Muitos poderão afirmar que se trata de uma decisão democrática, afinal a maioria da população brasileira se declara católica, seguida de evangélicos, segundo dados do IBGE. Porém, a democracia não significa a ditadura dos interesses da maioria suprimindo as minorias. A maioria escolhe seus representantes, porém aquele que é eleito tem o dever de governar em nome de todos, e não apenas daqueles que o elegeram. E a bancada evangélica vem agindo exatamente de forma contrária: governando em nome dos evangélicos, o que faz sua atuação ser antidemocrática e contra a laicidade do Estado.
Existem ainda algumas ações do Estado que beneficiam instituições religiosas, como a isenção de quaisquer impostos referentes aos templos e à movimentação financeira. E, além disso, outras leis estão sendo propostas com mais frequência com o intuito de prevalecimento dos interesses de alguns grupos religiosos (com maior poder representativo político) sobre os demais. Alguns exemplos de Projetos de Leis que caminham nessa direção podem ser encontrados no texto “O que há de podre no Reino da Dinamarca” do blog Bule Voador.

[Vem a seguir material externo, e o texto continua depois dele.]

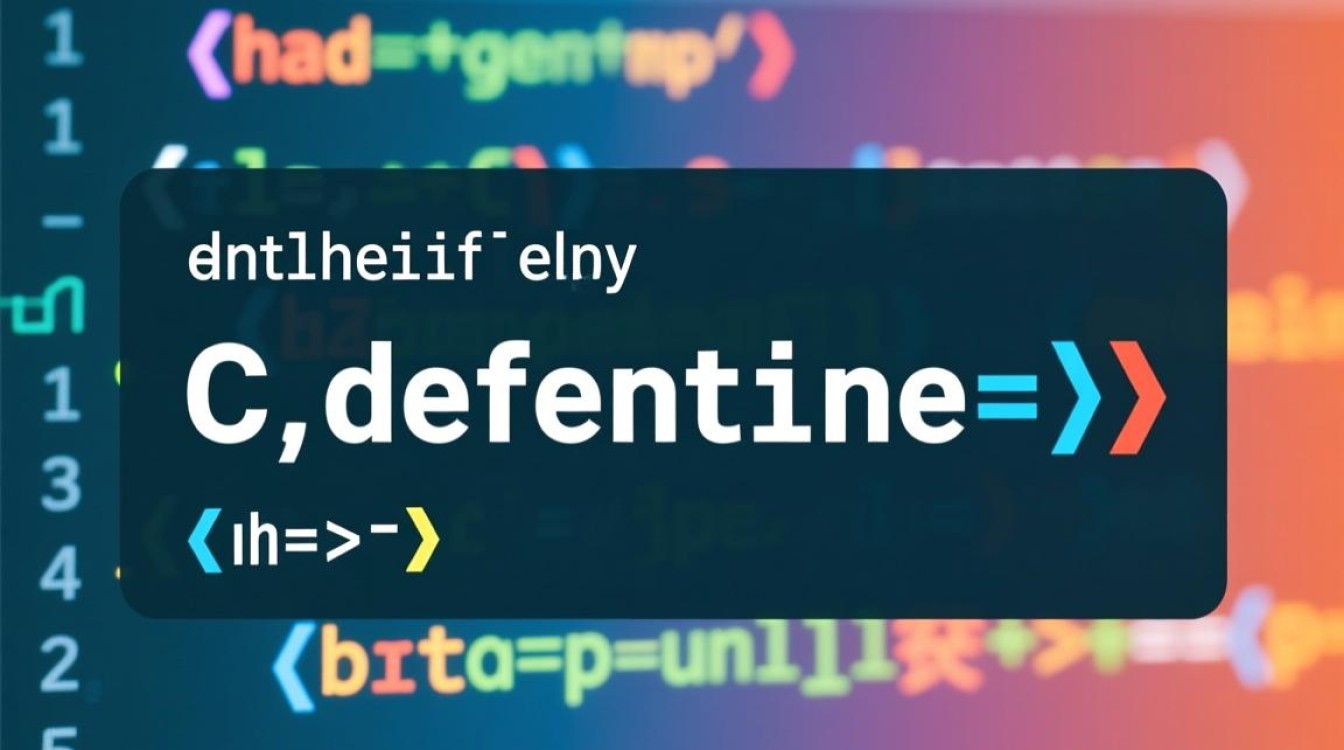 C语言中使用define宏定义出错原因分析-图1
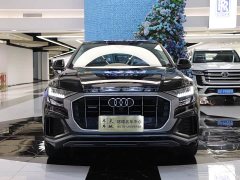 Audi Q8 55 TFSI luxury and dynamic - фото 2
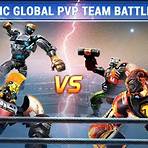 real steel champions2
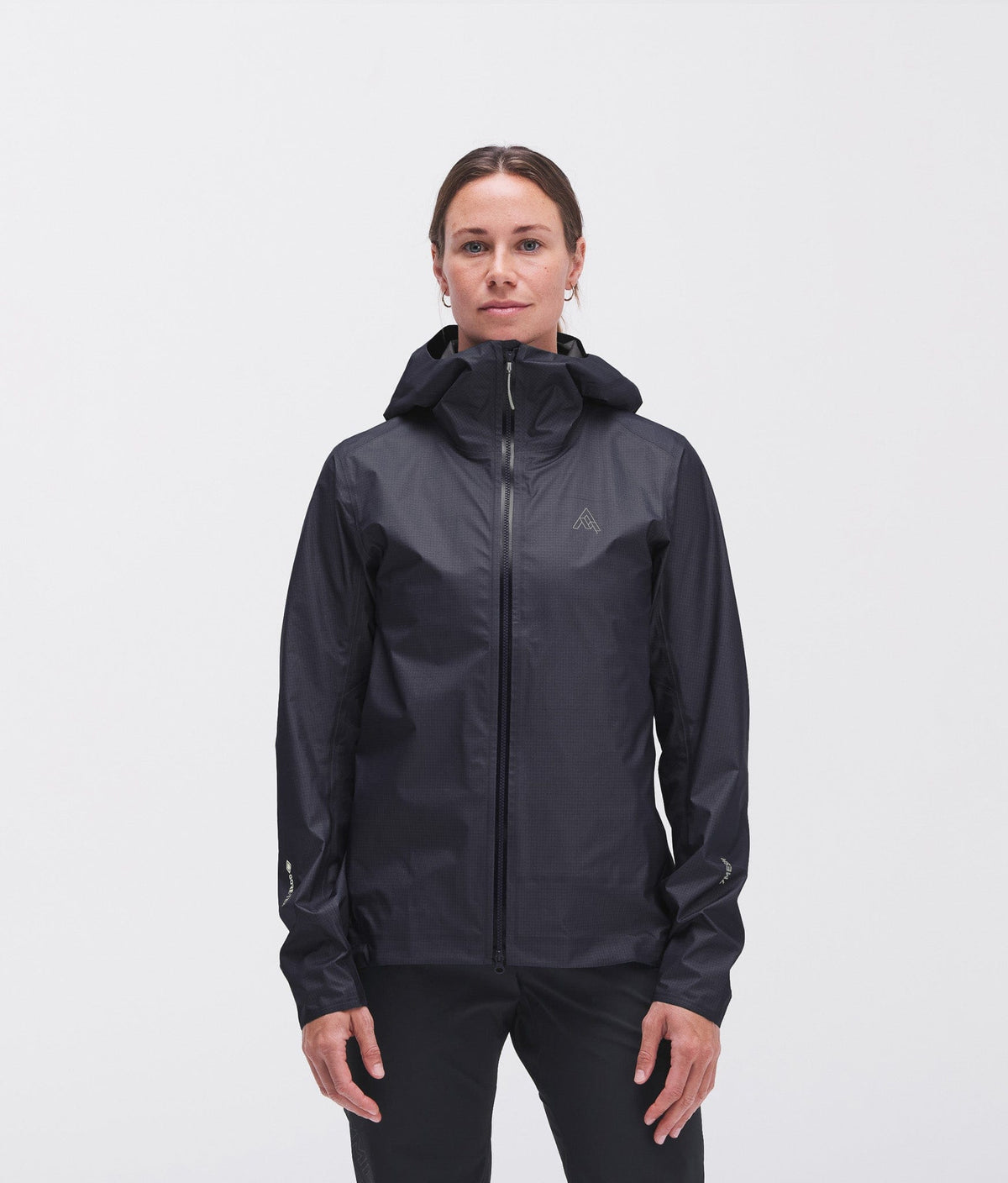 7mesh Women's Guardian Air Jacket — Graphite / XS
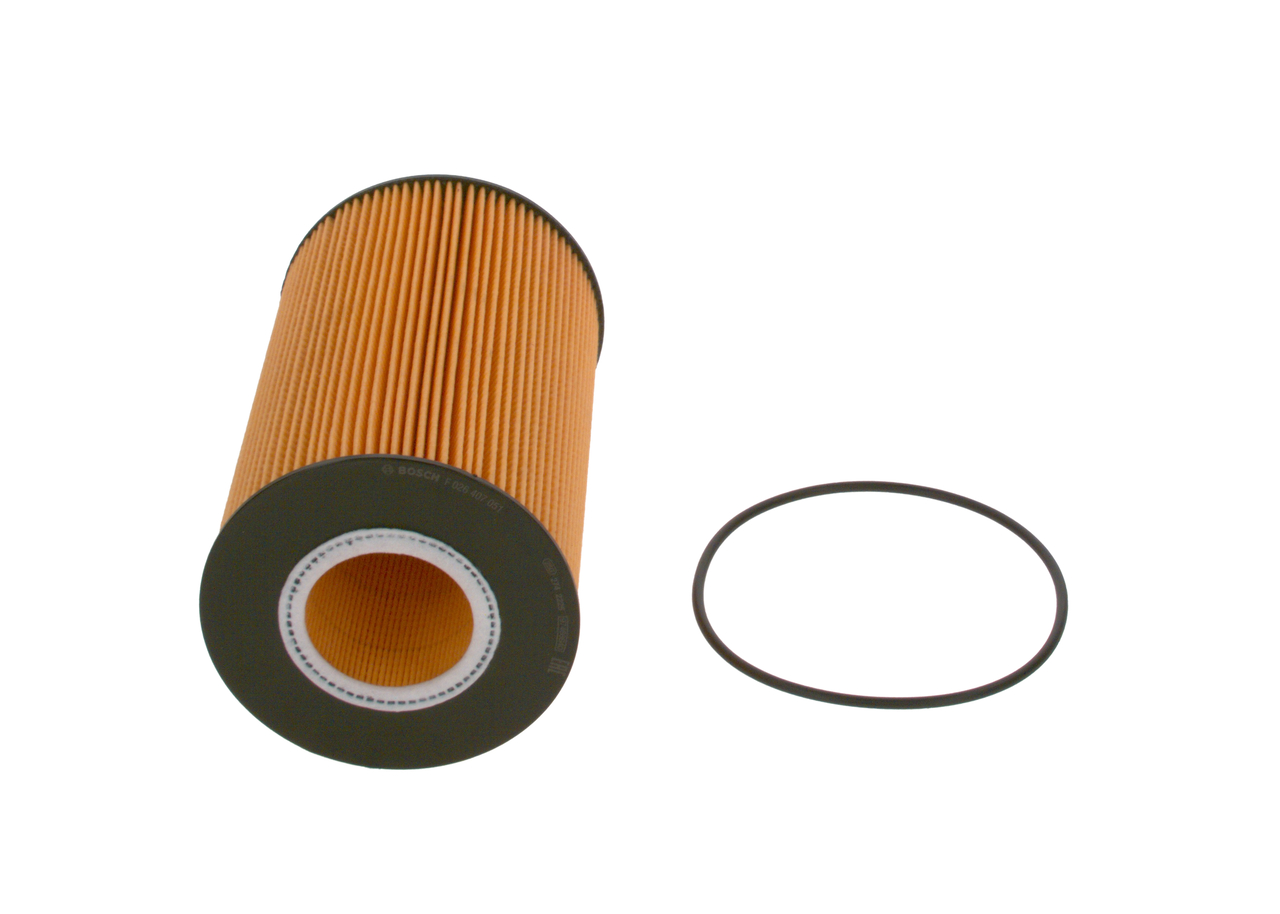 Filtro de aceite BOSCH F 026 407 051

Portanto, há de se buscar um bloqueio a essa tentativa de quebra do avanço da laicidade no Brasil, que, assim como a democracia, se constitui enquanto processo contínuo. O Brasil já foi ditatorial e nossa democracia caminha em avanços que demandam tempo, assim como a própria laicidade. Medidas como essas, supracitadas, fazem com que todos os avanços até então adquiridos em termo e distinção entre política e religião sofram um retrocesso. Caso este retrocesso não seja impedido, caminharemos em direção a uma teocracia, e a história retrata o resultado desta associação.